Une fascination assez macabre entoure toujours Joanna Dennehy et les meurtres qu'elle a commis à Peterborough en 2013. Comment une femme peut-elle vivre normalement toute sa vie – avant de décider, à l'âge de 31 ans, de poignarder trois hommes sans raison apparente ? Je pense pouvoir avancer que les gens ne sont pas comme ça dès leur naissance. Existe-t-il un élément de l'histoire de Joanna Dennehy qui pourrait nous aider à comprendre comment un être humain en apparence calme peut devenir aussi cruel ?

Dennehy a été condamnée à la prison à vie en 2014 et incarcérée à l'HMP Bronzefield – une prison de haute sécurité située dans la campagne du comté de Surrey. Une photo d'elle, où elle fait mine de lécher ce qui ressemble à une réplique de couteau issu d'un jeu Final Fantasy, est restée ancrée dans la psyché nationale. Même derrière les barreaux, elle fait un travail remarquable pour continuer de faire les gros titres des journaux.

En mars 2014, un mois après sa sentence, elle a commencé à échanger des lettres avec l'ex-femme de l'un de ses complices et prétendait alors porter le chapeau pour un crime qu'elle n'avait pas commis.

Martin Brunning, un enquêteur qui a participé à l'arrestation de Dennehy, m'a expliqué que ses lettres avaient été passées au crible, mais qu'il n'y avait pas de « preuve pour soutenir cette affirmation ». D'après certaines sources, en 2014, elle aurait aussi commencé à échanger des lettres d'amour avec un maçon originaire de l'est du Sussex. Ce dernier a d'ailleurs révélé aux tabloïds qu'il était tombé fou amoureux de Dennehy.
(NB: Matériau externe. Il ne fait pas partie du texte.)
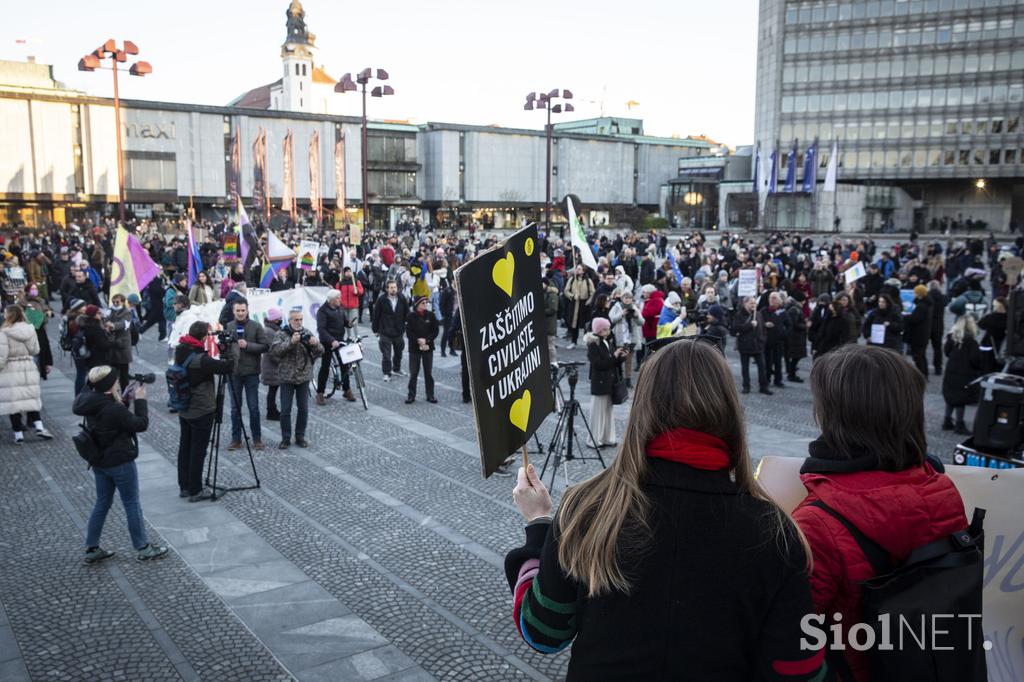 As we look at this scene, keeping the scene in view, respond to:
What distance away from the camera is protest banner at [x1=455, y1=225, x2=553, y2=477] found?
9.52 feet

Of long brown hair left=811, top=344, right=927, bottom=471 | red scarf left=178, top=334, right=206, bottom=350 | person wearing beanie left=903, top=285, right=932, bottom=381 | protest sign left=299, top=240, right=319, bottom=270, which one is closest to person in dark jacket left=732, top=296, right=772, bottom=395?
person wearing beanie left=903, top=285, right=932, bottom=381

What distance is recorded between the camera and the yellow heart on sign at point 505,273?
3.13 m

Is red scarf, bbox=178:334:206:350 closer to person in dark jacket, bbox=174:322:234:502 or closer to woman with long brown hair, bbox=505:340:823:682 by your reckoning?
person in dark jacket, bbox=174:322:234:502

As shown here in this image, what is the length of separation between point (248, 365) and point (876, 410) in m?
9.13

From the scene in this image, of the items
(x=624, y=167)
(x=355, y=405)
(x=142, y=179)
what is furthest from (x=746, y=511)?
(x=624, y=167)

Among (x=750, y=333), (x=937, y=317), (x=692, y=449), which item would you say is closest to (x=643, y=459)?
(x=692, y=449)

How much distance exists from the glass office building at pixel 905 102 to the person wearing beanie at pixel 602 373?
224 ft

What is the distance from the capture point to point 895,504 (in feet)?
7.23

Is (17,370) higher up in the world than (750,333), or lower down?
lower down

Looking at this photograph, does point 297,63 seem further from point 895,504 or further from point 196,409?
point 895,504

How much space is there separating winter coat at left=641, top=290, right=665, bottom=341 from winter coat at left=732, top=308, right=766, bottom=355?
160cm

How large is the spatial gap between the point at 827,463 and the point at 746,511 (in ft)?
1.97

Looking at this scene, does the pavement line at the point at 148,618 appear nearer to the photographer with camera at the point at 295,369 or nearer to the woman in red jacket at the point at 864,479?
the photographer with camera at the point at 295,369

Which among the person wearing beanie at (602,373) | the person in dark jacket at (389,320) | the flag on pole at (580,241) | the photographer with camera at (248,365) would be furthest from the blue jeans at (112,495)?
the flag on pole at (580,241) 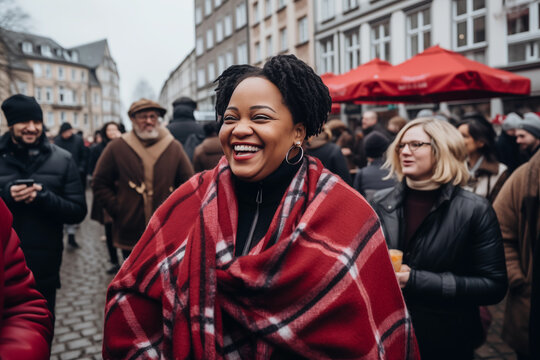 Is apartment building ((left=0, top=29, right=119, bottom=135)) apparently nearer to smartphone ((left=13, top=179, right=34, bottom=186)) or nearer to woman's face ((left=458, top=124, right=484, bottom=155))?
smartphone ((left=13, top=179, right=34, bottom=186))

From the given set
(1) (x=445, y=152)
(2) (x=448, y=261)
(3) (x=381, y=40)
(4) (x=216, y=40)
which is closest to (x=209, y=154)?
(1) (x=445, y=152)

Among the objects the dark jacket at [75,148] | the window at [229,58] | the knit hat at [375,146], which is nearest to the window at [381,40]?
the dark jacket at [75,148]

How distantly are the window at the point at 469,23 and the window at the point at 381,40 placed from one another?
332cm

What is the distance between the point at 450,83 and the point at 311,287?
5.53 meters

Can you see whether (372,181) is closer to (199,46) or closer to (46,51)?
(199,46)

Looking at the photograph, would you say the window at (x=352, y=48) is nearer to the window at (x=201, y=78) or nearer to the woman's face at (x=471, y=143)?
the woman's face at (x=471, y=143)

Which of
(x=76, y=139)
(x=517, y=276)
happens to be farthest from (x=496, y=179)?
(x=76, y=139)

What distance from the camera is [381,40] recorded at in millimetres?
17953

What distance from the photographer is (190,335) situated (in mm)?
1581

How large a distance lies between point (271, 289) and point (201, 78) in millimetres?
42688

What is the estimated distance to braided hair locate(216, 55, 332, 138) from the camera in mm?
1744

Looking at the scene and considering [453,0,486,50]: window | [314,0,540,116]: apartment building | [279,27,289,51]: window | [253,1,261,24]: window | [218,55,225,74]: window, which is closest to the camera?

En 2016, des gardiens de la prison ont trouvé un de ses plans d'évasion : elle avait prévu de tuer une officière de police pour prendre ses empreintes digitales et ainsi ouvrir les portes biométriques de la prison. Elle a alors été placée en isolement, en guise de punition. Au cours de cette même année, elle a tenté – en vain – d'intenter un procès au Ministre de la Justice, parce qu'elle jugeait que cet isolement était « inhumain et s'apparentait à un châtiment humiliant ».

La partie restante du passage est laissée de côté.